Q: I’m a middle manager and have one staff person reporting to me. I’ve been asking for another staff person for one and a half years now but the company was not able to afford it. I did, however, receive a big bonus for 2010: $12,500. I nearly fainted when I opened the envelope. What do I do now?
A: Clearly you deserved it; your efforts have been recognized by upper management. And this was a truly smart corporate move: your bonus is approximately one quarter of what it would cost the company to hire another person for your department. Your challenge now will be to determine for how much longer you wish to keep up this pace. Sure, the bonus was great — but what did it take out of you? Are you always tired? Is your health good? Do you have ample time for the rest of your life? You need to ask yourself these serious work-life balance questions. You certainly wouldn’t feel right walking away now that you just received this mega bonus but my questions stand for the future.

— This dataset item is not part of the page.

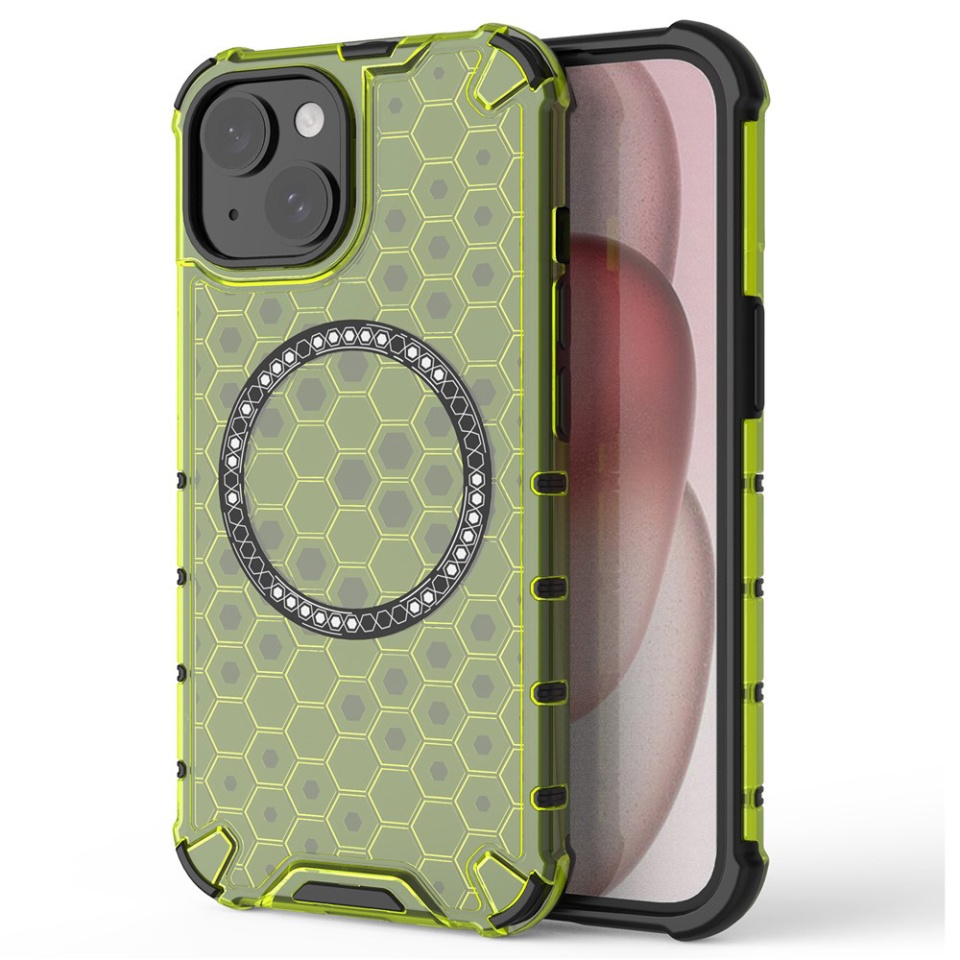 Husa pentru iPhone 14, SKYDDAR INNOVATION, HoneyComb Shield MagSafe, Antisoc, set cu sticker, Verde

Q: I was at a tradeshow on booth duty when I got a call from a tearful colleague telling me our company had just gone under. Then my boss called to tell me to give away all the tradeshow samples as there was no point in packing them up. So I worked the tradeshow for potential job leads. I felt terrible inviting people to the booth for freebies but what else could I do?
A: You did great. You kept your wits about you and stayed super practical. You’re out of a job and need to get a new one. Bankrupt organizations aren’t known for giving generous good-bye packages so you need to hustle. Work your network, stay focused, package yourself well to highlight all your strengths and, above all, remember sometimes bad things happen to good people. It’s the natural course in life and of work. Your situation is temporary. Happy hunting.

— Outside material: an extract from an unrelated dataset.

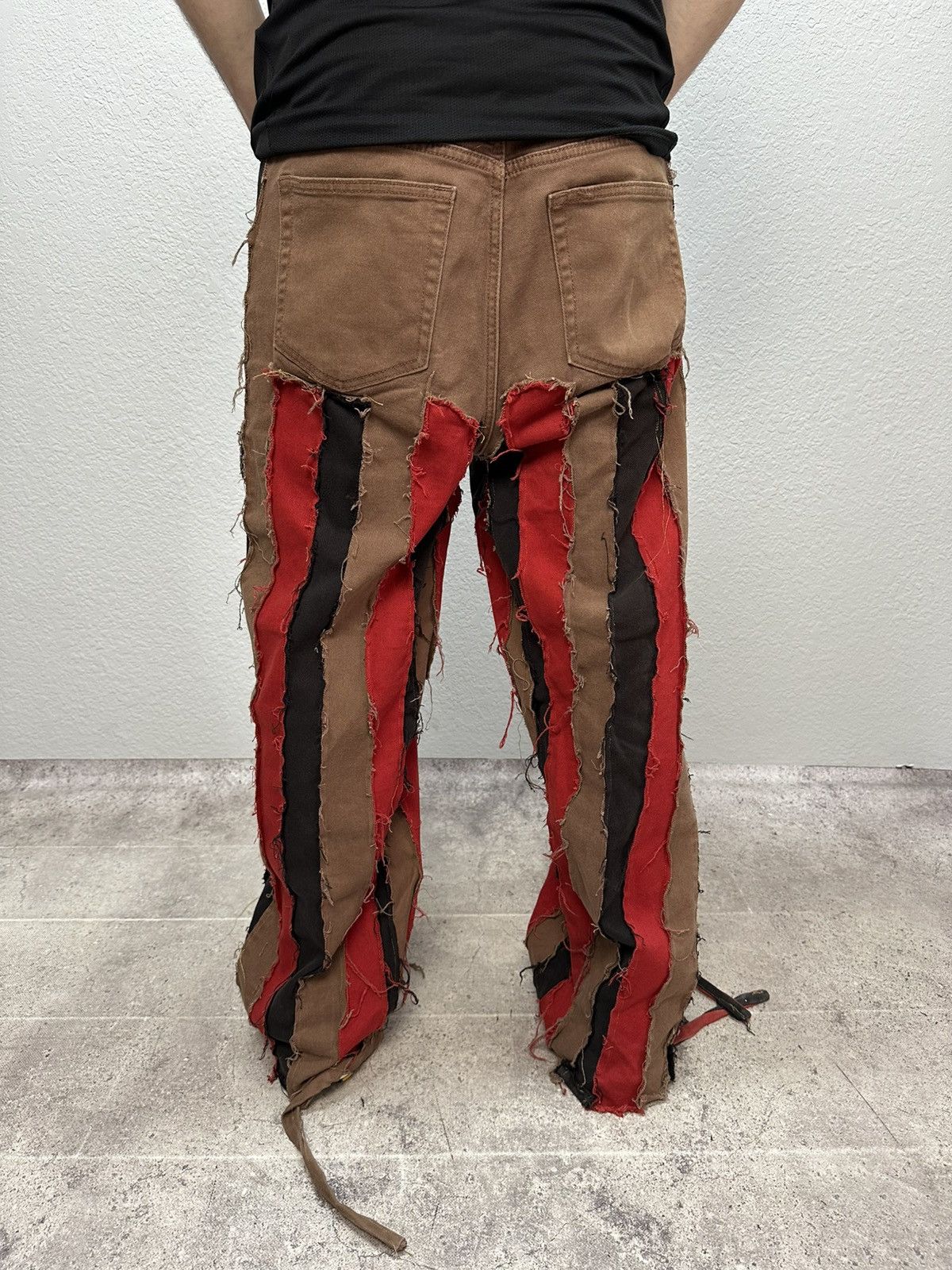 If Six Was Nine Vintage Junya Watanabe Style Striped Opium Denim Jeans Y2K Size US 33 - 4 Thumbnail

Q: I’m an electrician. Plumbers and electricians don’t work under unsafe conditions and we don’t rush to get the job done because we are paid hourly. However, the other onsite contractors — roofers, window guys, cabinet makers, floor installers, etc. — all work piece, meaning they get paid for the job, not by the hour. Because of this they cut corners and work fast to get as much work done as possible. Rushing leads to all kinds of accidents.

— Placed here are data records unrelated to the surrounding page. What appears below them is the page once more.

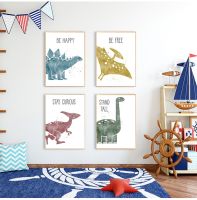 【hot】✔♛✼  Cartoon Quote Posters And Prints Wall Canvas Painting Pictures Baby Kids Room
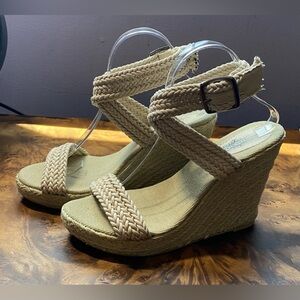 NIB Charles Albert Rope Wedge Boho Sandals Ivory Size 9 Adjustable Straps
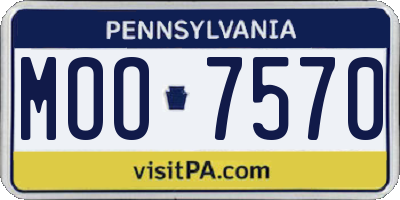 PA license plate MOO7570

A: I appreciate your honesty and insights. With other contractors focusing on putting bread on the table, it’s hard for them not to rush and not to cut corners when minutes count. So what’s the solution? Self-preservation and responsibility to themselves and their loved ones has got to be a priority. What’s the point of rushing on top of a roof and risking a fall to save a couple of minutes? Spread the “safety first” message to everyone on the construction site. No amount of money is worth risking their lives.